But it’s more than just being tough.

Part of the cowboy way of life is being full of good manners and having respect for others, says Gaffney.

“That is the cowboy, really truly that is the core of the cowboy,” Gaffney said. “I don’t care if it’s a Mike White, Chris Shivers, myself, Aaron Semas, Cody Lambert or Ty Murray – that is where we came from. I am damn sure not saying we are perfect, but in a general sense that’s how we try to live our life and project that image.”

Whenever White, who was raised on a ranch in Louisiana, meets with young bull riders, he stresses those core values of respect.

“A lot of it is having respect for other people,” he said. “Being a gentleman. When you are introduced to a lady, take your hat off. Using your manners, yes ma’am/no ma’am.”

White, who has a 10-year-old son, Logan, and a 3-year-old daughter, Morgan, is making sure to raise his kids with polite manners. He understands that while, yes, his bull riding talent may have helped him reach the PBR, but it was his manners helped him achieve so much more.

“It’s very important for me,” the 1999 Rookie of the Year said. “If it weren’t for my manners and discipline, and the other things that go along with it, I may not have gotten the sponsorship and some of the other things that I have gotten through my bull riding career.”

Gaffney has the same expectations for his two kids, Destyn, 11, and Marek, 6. He and his wife, Robyn, stand for nothing less than good manners.

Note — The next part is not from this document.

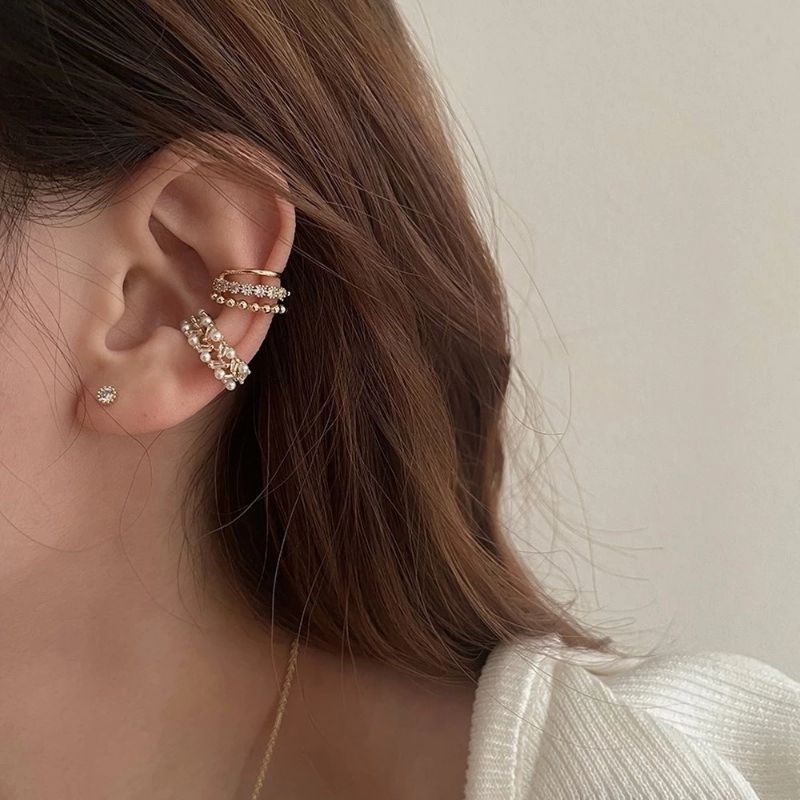 ต่างหูหนีบลูกปัดมุกคริสตัล • Tiny pearl crystal ear cuff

“We have a good moral fiber from the people in our life, the cowboys that instilled that in me and those tough guys and my parents and older brother,” Gaffney said. “That is what we try to convey to them. You treat everybody with respect and that is the cowboy way.”

He later added, “It really is a whole way of living and carrying yourself. I like to think that is how we all feel as a whole. I know the guys that I surrounded myself with, the original PBR founders, that is how we try to live our life and we are proud of that.”